Ces tonnes laissées sur place et le manque de capacité des navires ont parfois fait grimper les coûts du fret au double de leur valeur normale.
Alors que notre association professionnelle pensait avoir tout vu en 2018, nous nous retrouvons confrontés, en 2019, à de nombreuses baisses du niveau des eaux sur diverses voies navigables néerlandaises et belges.
Mais contrairement à l’année dernière, elles ne sont pas imputables aux conditions climatiques.
En 2019, de nombreux blocages obligent les navires à effectuer des contournements et rendent même certains trajets temporairement impraticables. Ces problèmes découlent d’efforts de rattrapage concernant l’entretien des voies navigables. En effet : depuis quelques mois, les travaux liés aux écluses, les consolidations de rives, les accumulations de matériaux au fond des cours d’eau, les travaux d’entretien, les pénuries d’eau,… entraînent diverses majorations qui ne cessent d’alourdir le prix de revient du fret.
Des efforts de rattrapage supplémentaires sont à l’évidence nécessaires au niveau des canaux et des petites voies fluviales, où la navigation demeure difficile.
Nous comprenons et estimons important que les autorités continuent à investir dans la modernisation et l’entretien des voies navigables et ouvrages apparentés, tels que les écluses, ponts et rives. Ces démarches permettront de renforcer l’efficacité de la logistique durable.
Il ne faut toutefois pas sous-estimer leur impact sur les frais logistiques.
Cela étant, des mesures climatiques structurelles s’imposent : les zones de basses émissions, le péage électronique, l’interdiction des véhicules diesel d’ici quelques décennies, l’augmentation des accises sur les combustibles fossiles, la taxe CO2,… Nos autorités et les entreprises vont devoir collaborer de plus en plus étroitement pour répondre aux exigences climatiques toujours plus sévères. Face à l’augmentation des coûts et à la saturation structurelle du réseau routier, le transport par route va au-devant de pressions croissantes, d’où un regain d’intérêt pour les voies navigables.
Les consommateurs de ces matériaux sont essentiellement des fournisseurs desservant le secteur de la construction, les centrales à béton, les usines de préfabrication, les centrales d’asphalte, les entrepreneurs de construction routière, les terrassiers, les chapeurs, etc.
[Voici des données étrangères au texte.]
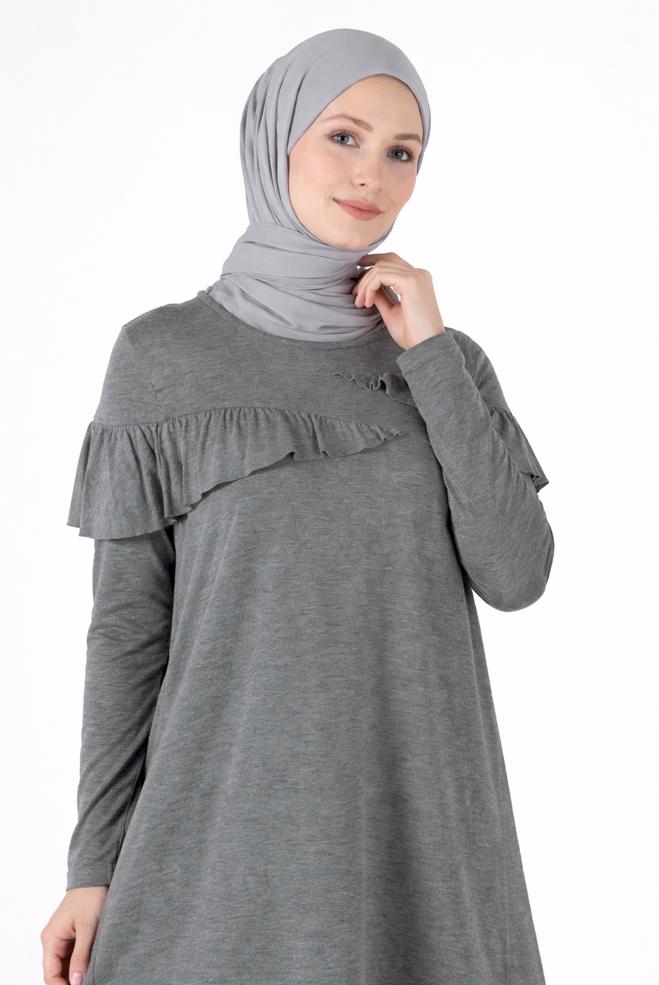 Vêtements hijab GRIS 41231 ELİTA TUNİK 38/44 TEK40 - ALVİNA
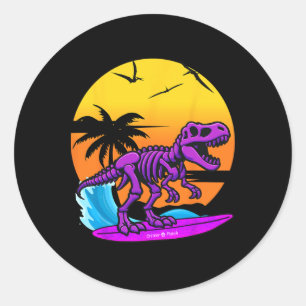 Pegatina Redonda Esqueleto de T-rex de surf de neón con retro de pl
Ce sont généralement eux les victimes des fluctuations des coûts des matériaux vu qu’ils ne peuvent pas les imputer de facto à leurs donneurs d’ordres, habituellement les autorités.
Les donneurs d’ordres et les utilisateurs finaux de matériaux de construction doivent être conscients du fait que de tels surcoûts rendent impossible le maintien de prix fixes à long terme. Tant les utilisateurs finaux que les donneurs d’ordres devront tenir compte de coûts variables pour les matériaux dans leurs contrats avec leurs fournisseurs.
Si les problèmes de navigation sont imputables à des travaux, les autorités peuvent dédommager les coûts supplémentaires y afférents.
Pour ce faire, le planning de ces travaux doit être établi compte tenu de la mise en place de mesures de soutien, afin que l’utilisateur final ne doive pas assumer les frais supplémentaires imprévus. D’après nous, l’approche la plus adéquate et efficace consiste à indemniser directement les commandants de navires, de sorte que les utilisateurs finaux ne doivent pas payer de majoration.
Au travers de notre association professionnelle, nous demandons aux autorités d’instaurer un régime de subvention à l’intention des commandants de navires, mais aussi de donner aux entrepreneurs et à leurs sous-traitants la possibilité de répercuter les surcoûts.
Ces démarches permettront en outre d’éviter le transfert d’une grande partie du transport fluvial vers le transport routier. Un tel changement modal ne correspond, en effet, pas à l’évolution souhaitée dans le cadre de la politique belgo-flamande pour l’environnement et la mobilité, d’autant plus qu’il s’inscrit en contradiction avec diverses mesures climatiques nécessaires.
Nous espérons, par le biais de cet appel, pouvoir ouvrir le débat et entamer un dialogue constructif avec les parties concernées.